The Stories We Tell


We all have a story to tell, but we might not be so willing to share that story easily. When circumstance arise that demand a story be told, such as in Kids of Appetite by David Arnold, strong bonds of friendship can be forged to overcome the greatest of obstacles.

Vic’s father died two years ago and he’s not too happy with his mom appearing to have moved on with her new boyfriend Frank. Storming out of the house with his father’s urn, Vic sets out to properly honor his father’s memory. In this process he encounters Mad and her friends, who have their own struggles to deal with but they help him to complete his father’s mission to scatter his ashes at various, meaningful locations. Before Vic finishes his dad’s mission, he and the group get drawn into the investigation of the murder of Mad’s uncle, the story of which cannot be told without the intermediary chapters that occurred when the group first met up until the time of the murder.

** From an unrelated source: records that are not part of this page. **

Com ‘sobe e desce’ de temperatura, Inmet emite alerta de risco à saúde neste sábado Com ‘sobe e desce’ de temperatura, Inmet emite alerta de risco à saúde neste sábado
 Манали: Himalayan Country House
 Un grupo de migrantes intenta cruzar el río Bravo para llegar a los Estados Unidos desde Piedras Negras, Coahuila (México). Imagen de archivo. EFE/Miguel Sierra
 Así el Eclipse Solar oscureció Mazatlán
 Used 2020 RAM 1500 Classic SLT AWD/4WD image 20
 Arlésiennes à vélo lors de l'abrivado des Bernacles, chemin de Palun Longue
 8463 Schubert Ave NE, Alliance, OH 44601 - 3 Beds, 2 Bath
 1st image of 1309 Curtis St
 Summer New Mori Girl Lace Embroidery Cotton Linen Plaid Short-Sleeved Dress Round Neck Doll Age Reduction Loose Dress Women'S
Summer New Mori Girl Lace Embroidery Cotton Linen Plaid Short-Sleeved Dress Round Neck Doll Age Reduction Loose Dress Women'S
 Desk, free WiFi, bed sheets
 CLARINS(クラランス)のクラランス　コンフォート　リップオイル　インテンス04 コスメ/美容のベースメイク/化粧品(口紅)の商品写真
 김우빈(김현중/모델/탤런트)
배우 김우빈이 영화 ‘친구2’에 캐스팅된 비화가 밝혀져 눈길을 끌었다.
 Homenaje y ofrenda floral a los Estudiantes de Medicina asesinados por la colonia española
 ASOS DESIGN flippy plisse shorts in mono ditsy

The story was a quick read with areas of thought provoking narration, and it falls very much in line with the tropes found in realistic YA fiction, making it familiar if not cliche. Jumping between a narrative recollection of events leading up to the present and a narration of the present from the perspective of Vic and Mad was craftily done, particularly with an element of meta woven in. While we were told the various ages of the characters involved in the narrative, they all read as far younger than what we were told they were supposed to be. Perhaps that was intentional to try to make the story more relatable to a wider age range of readers and to demonstrate that they are dealing with such serious matters, but for me it simply made their behavior strange and not fit with their supposed age.

Overall, I’d give it a 3.5 out of 5 stars.